### WHAT THE TASK REQUIRES
In your copy, the records appear word for word and the pictures do not appear at all.
(DATA SUPPLIED Opens)
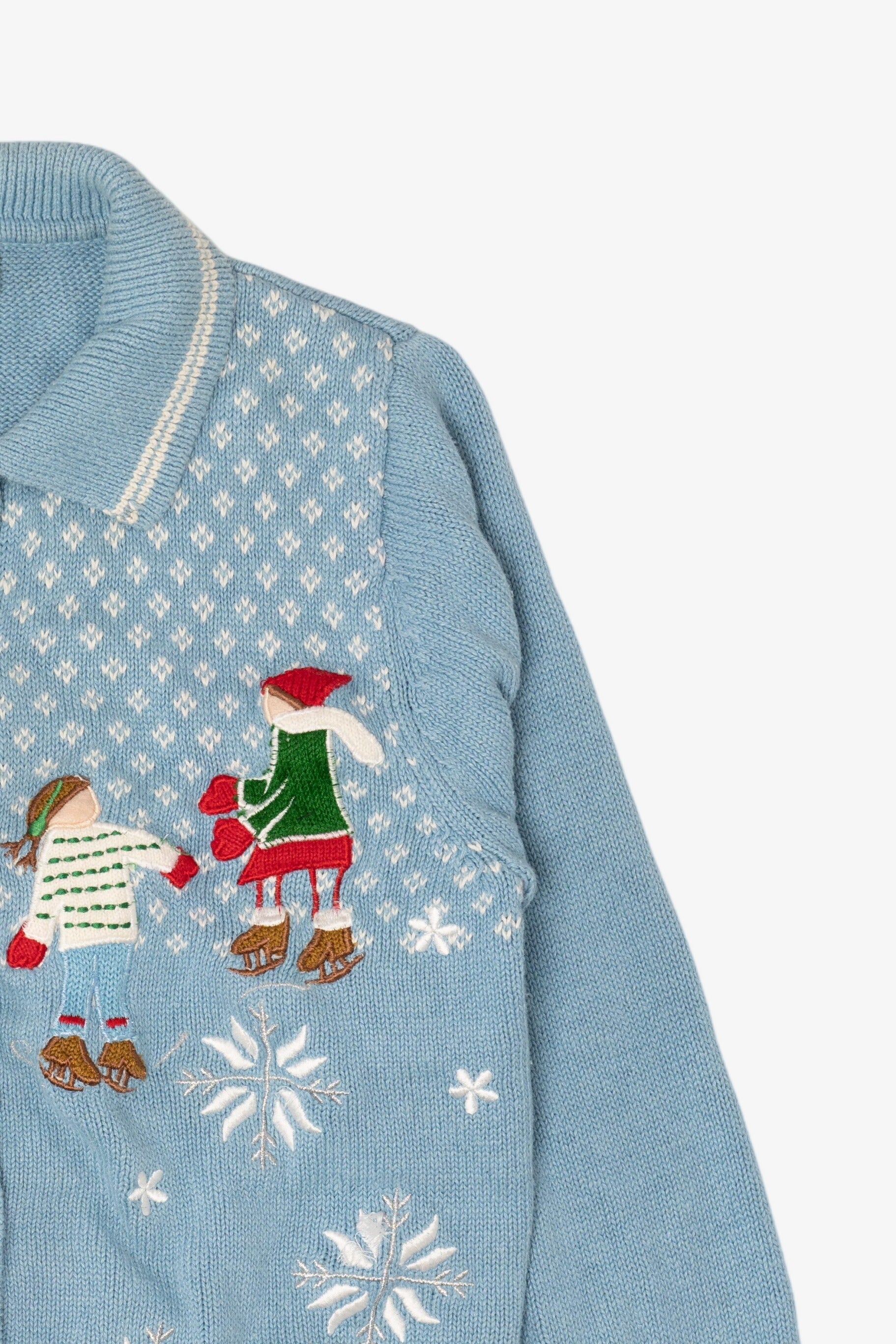 Vintage Light Blue Reference Point Ice Skating Ugly Christmas Cardigan (1990s)
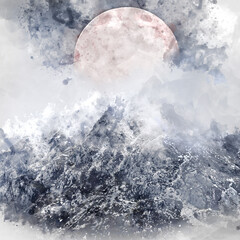 Digital watercolor painting of Epic digital composite image of Supermoon above mountain range giving very surreal fantasy look to the dramatic landscape image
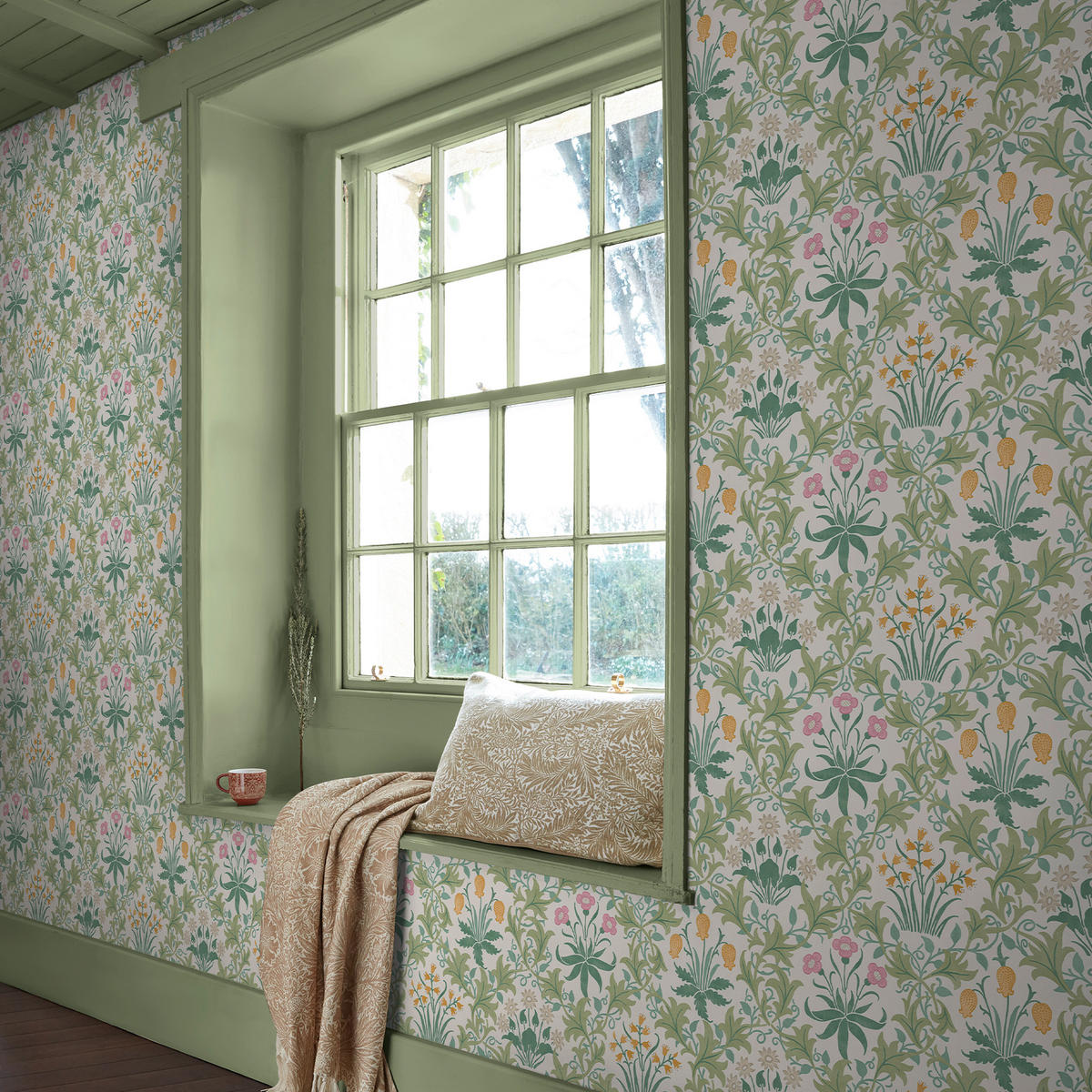 VLIESTAPETE Celandine Schöllkraut Spring 1000x52cm - Weiß/Grün, Papier/Kunststoff (52/1000cm) - William Morris at Home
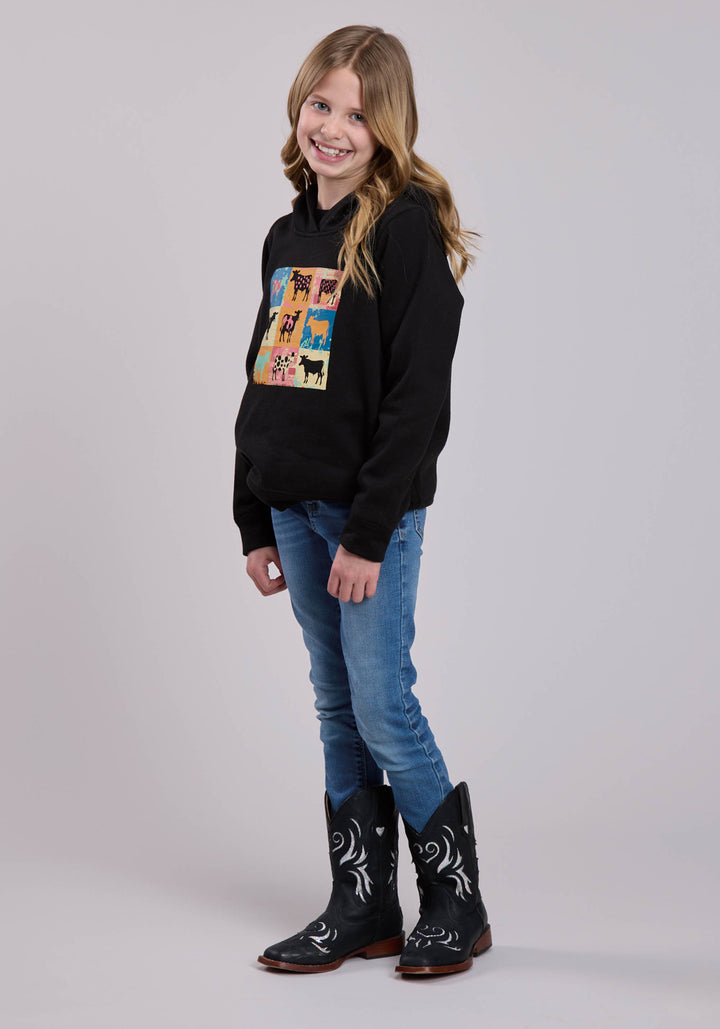 GIRLS LONG SLEEVE PULLOVER COTTON FLEECE HOODED SWEATSHIRT WESTERN SHIRT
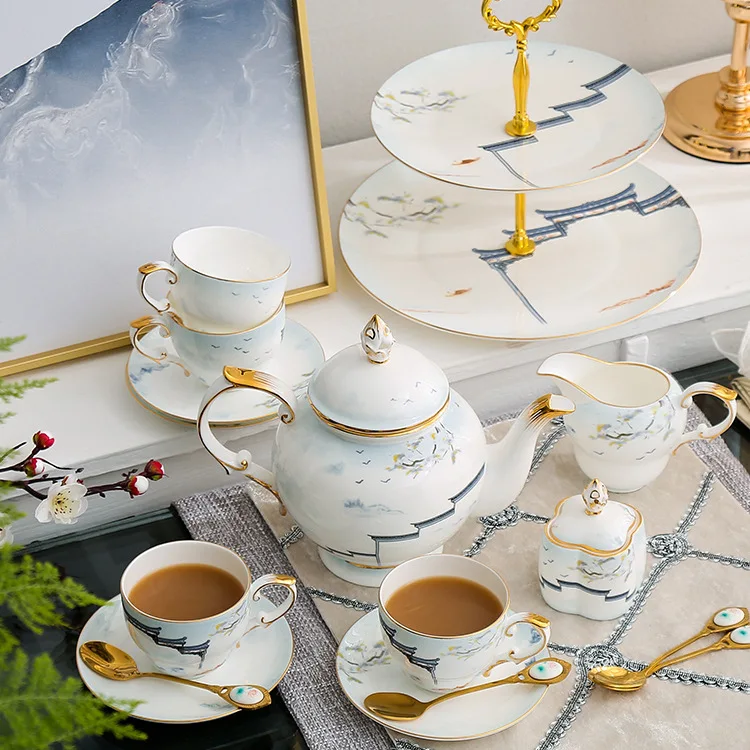 

Hxl afternoon tea set - coffee cup, saucer, and teapot set - bone china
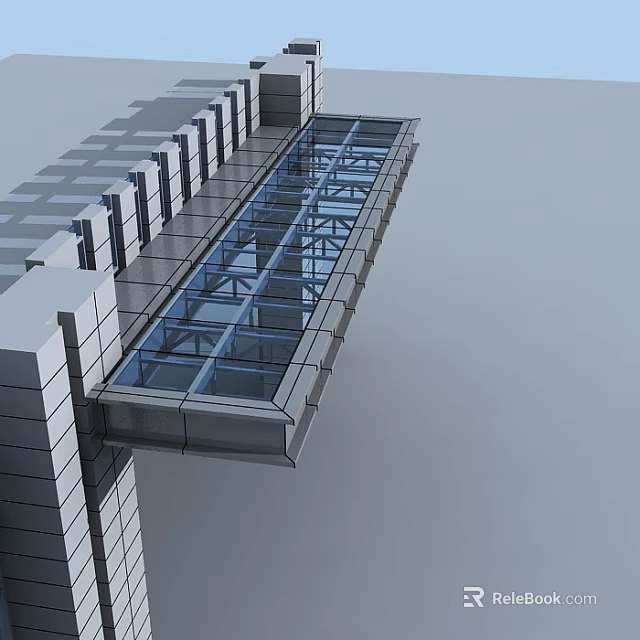 Modern Architectural Component with Projecting Glass Structure and Metal Frame on Building Facade 3d model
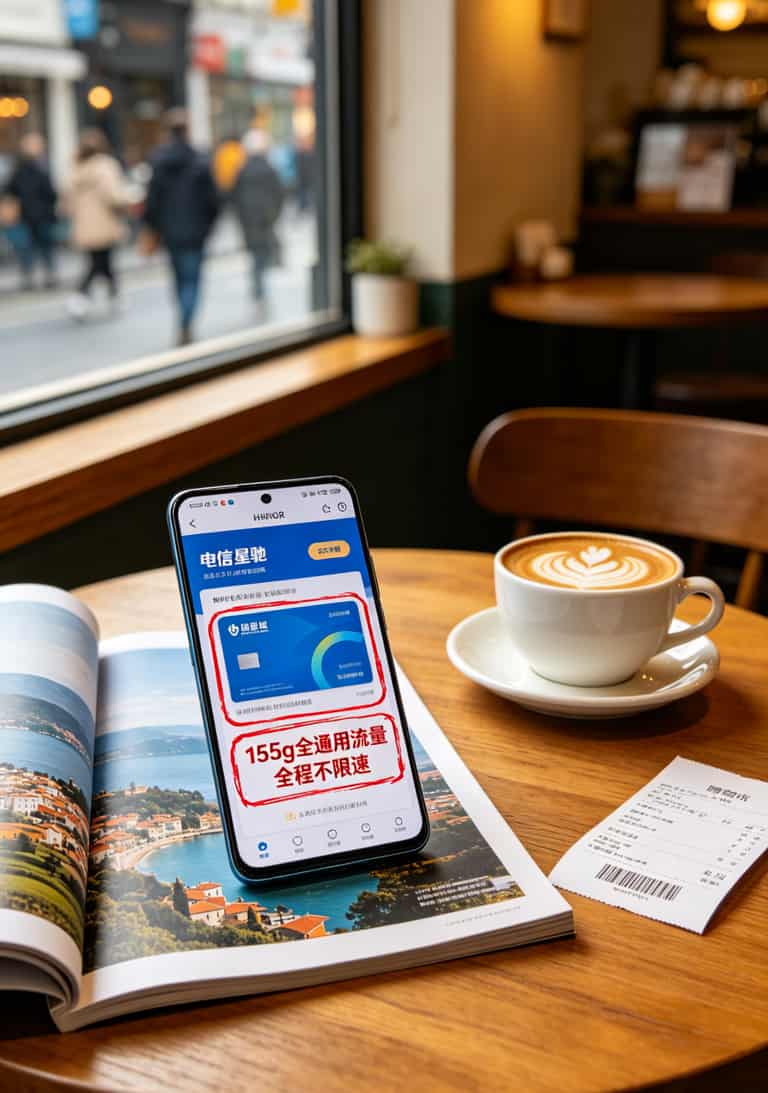 155g流量卡到底坑在哪?我亏了1200块换来的随身WiFi实战手册 电信星驰卡套餐详情页截图,重点标注“全通用不限速”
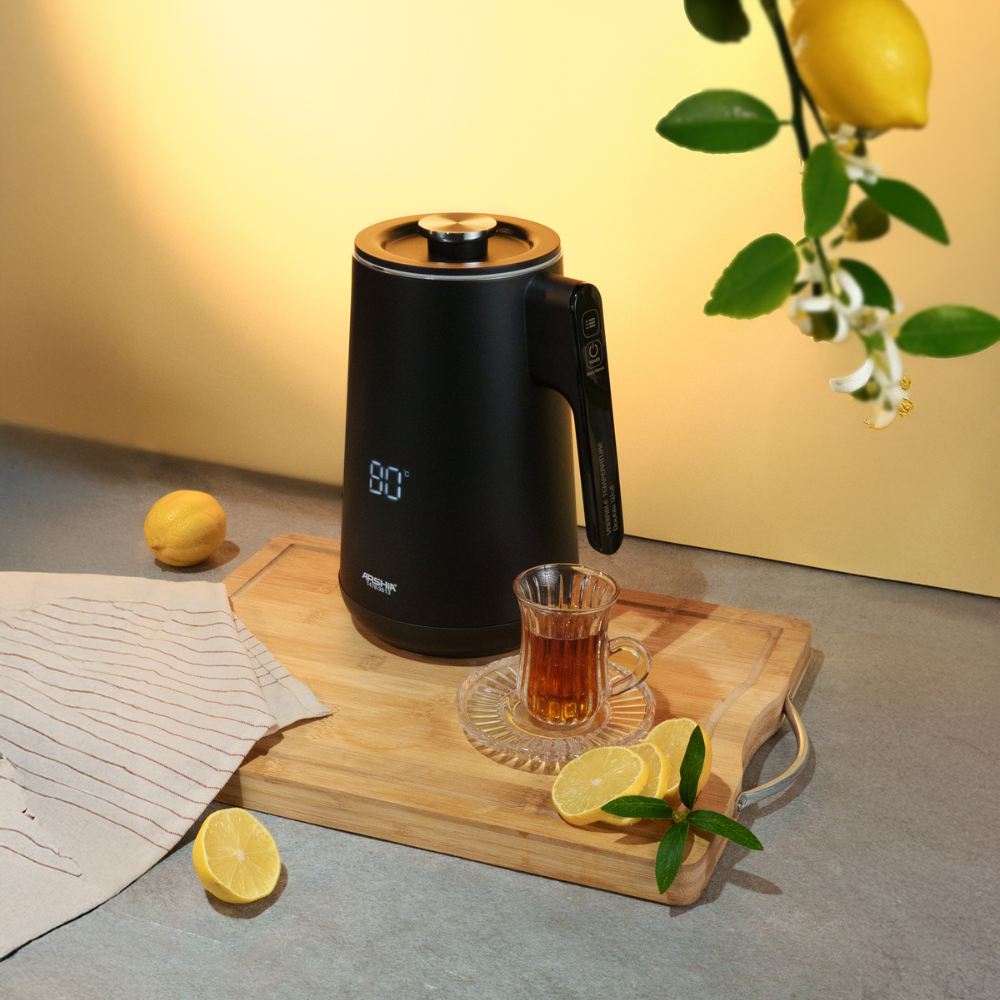 Arshia Tea Maker (Black) – 1500W, 1.7L Kettle + 0.8L Glass Pot, LED Display, Pre-Set Programs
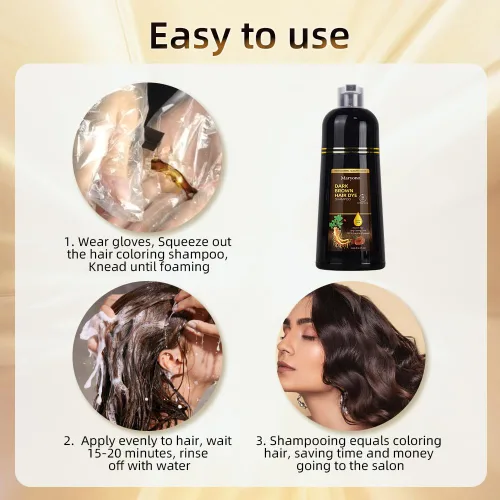 Vista 5 de Maryono Champú de tinte para el cabello castaño oscuro 3 en 1 para cobertura de canas, ingredientes herbarios, color instantáneo, para mujeres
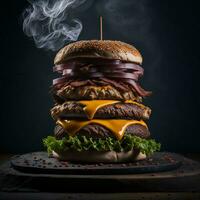 a large hamburger with cheese and bacon on top ai generated photo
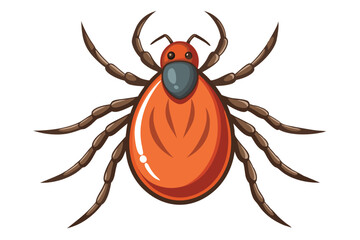 Illustration of tick animal on white.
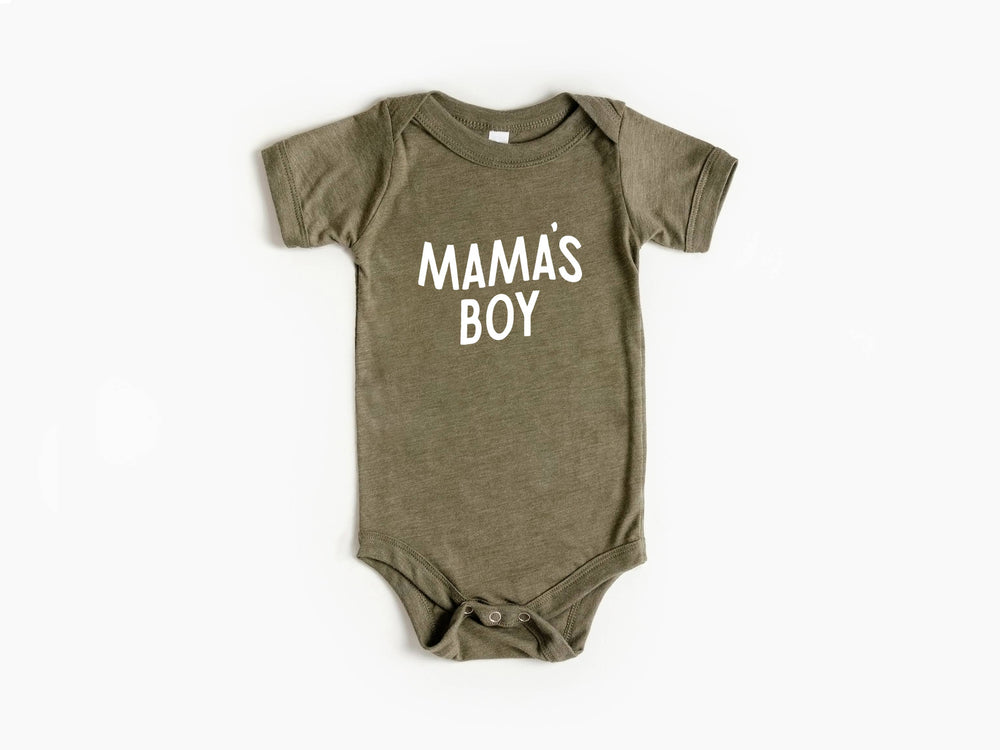 Gladfolk Baby Clothes 3-6M Mama's Boy Modern Baby Bodysuit
• Olive Green Outfit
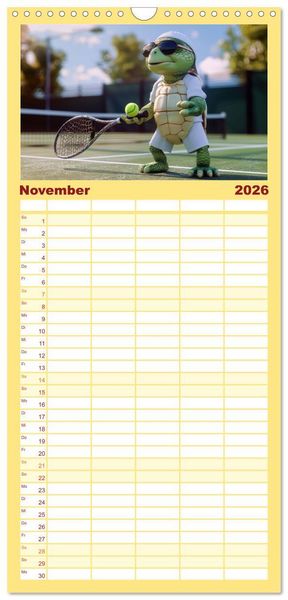 Produktbild: Familienplaner 2026 - Der tierisch lustige Tennis-Kalender mit 5 Spalten (Wandkalender, 21 x 45 cm) CALVENDO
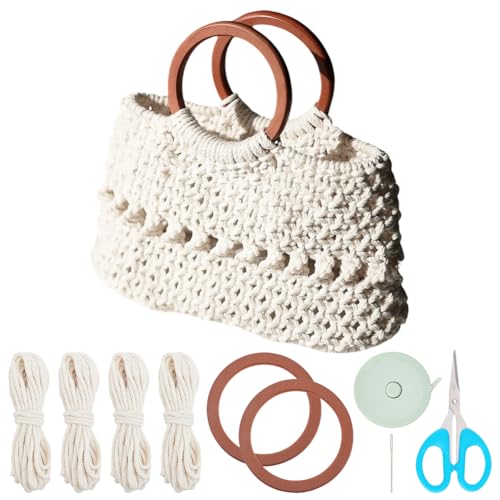 FREEBLOSS DIY Makramee Taschenset Boho Makramee Handtasche Mit Holzgriffen Makramee Einkaufstaschenset Makramee Sets Für Erwachsene Und Anfänger Mit Anleitung Handgewebte Tasche Für Frauen von FREEBLOSS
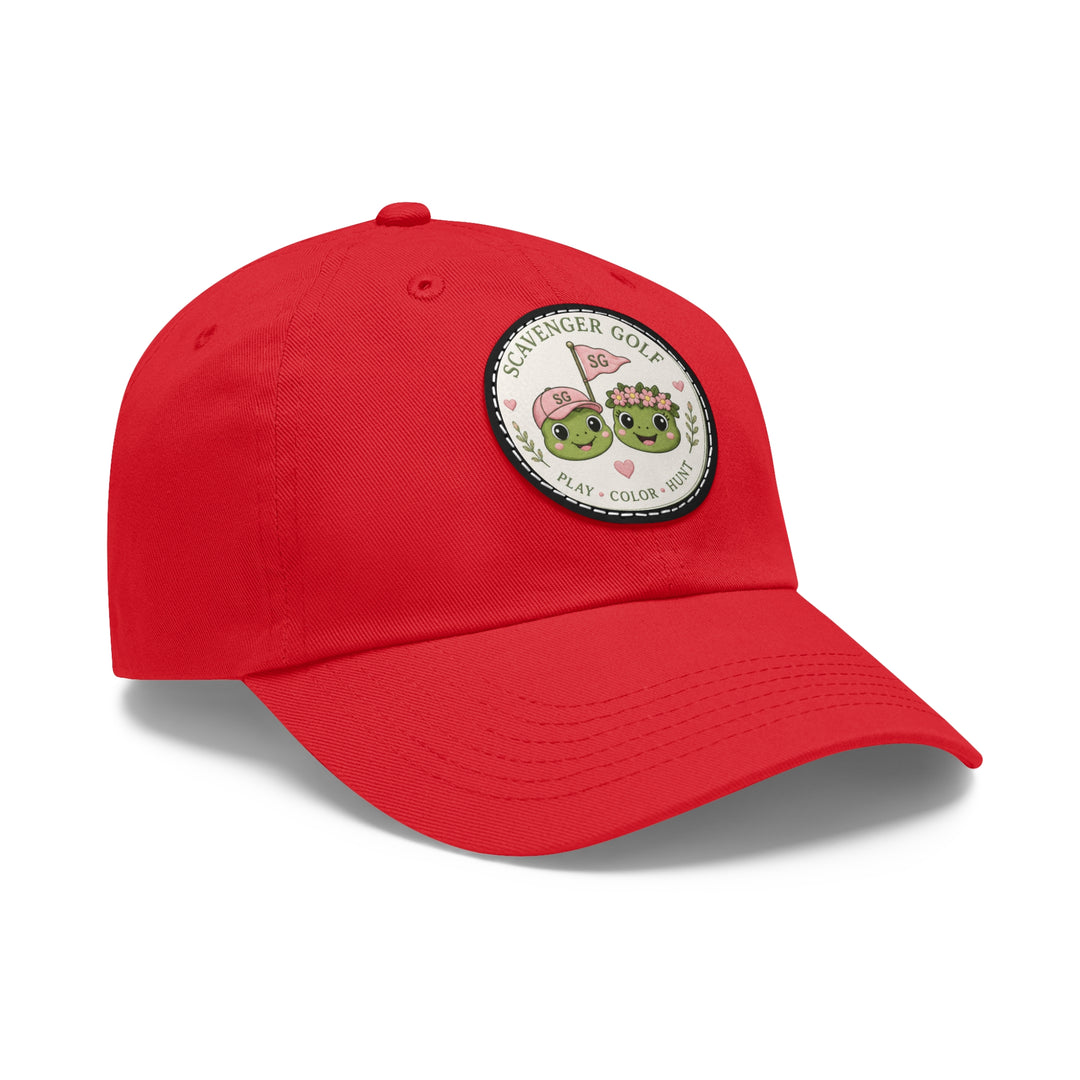 Lost Balls & Wildflowers Round Leather Patch Cap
(DATA SUPPLIED Closes)
### RESULT FOR THIS TASK
 Vintage Light Blue Reference Point Ice Skating Ugly Christmas Cardigan (1990s)
 Digital watercolor painting of Epic digital composite image of Supermoon above mountain range giving very surreal fantasy look to the dramatic landscape image
 VLIESTAPETE Celandine Schöllkraut Spring 1000x52cm - Weiß/Grün, Papier/Kunststoff (52/1000cm) - William Morris at Home
 GIRLS LONG SLEEVE PULLOVER COTTON FLEECE HOODED SWEATSHIRT WESTERN SHIRT

Hxl afternoon tea set - coffee cup, saucer, and teapot set - bone china
 Modern Architectural Component with Projecting Glass Structure and Metal Frame on Building Facade 3d model
 155g流量卡到底坑在哪?我亏了1200块换来的随身WiFi实战手册 电信星驰卡套餐详情页截图,重点标注“全通用不限速”
 Arshia Tea Maker (Black) – 1500W, 1.7L Kettle + 0.8L Glass Pot, LED Display, Pre-Set Programs
 Vista 5 de Maryono Champú de tinte para el cabello castaño oscuro 3 en 1 para cobertura de canas, ingredientes herbarios, color instantáneo, para mujeres
 a large hamburger with cheese and bacon on top ai generated photo
 Illustration of tick animal on white.
 Gladfolk Baby Clothes 3-6M Mama's Boy Modern Baby Bodysuit
• Olive Green Outfit
 Produktbild: Familienplaner 2026 - Der tierisch lustige Tennis-Kalender mit 5 Spalten (Wandkalender, 21 x 45 cm) CALVENDO
 FREEBLOSS DIY Makramee Taschenset Boho Makramee Handtasche Mit Holzgriffen Makramee Einkaufstaschenset Makramee Sets Für Erwachsene Und Anfänger Mit Anleitung Handgewebte Tasche Für Frauen von FREEBLOSS
 Lost Balls & Wildflowers Round Leather Patch Cap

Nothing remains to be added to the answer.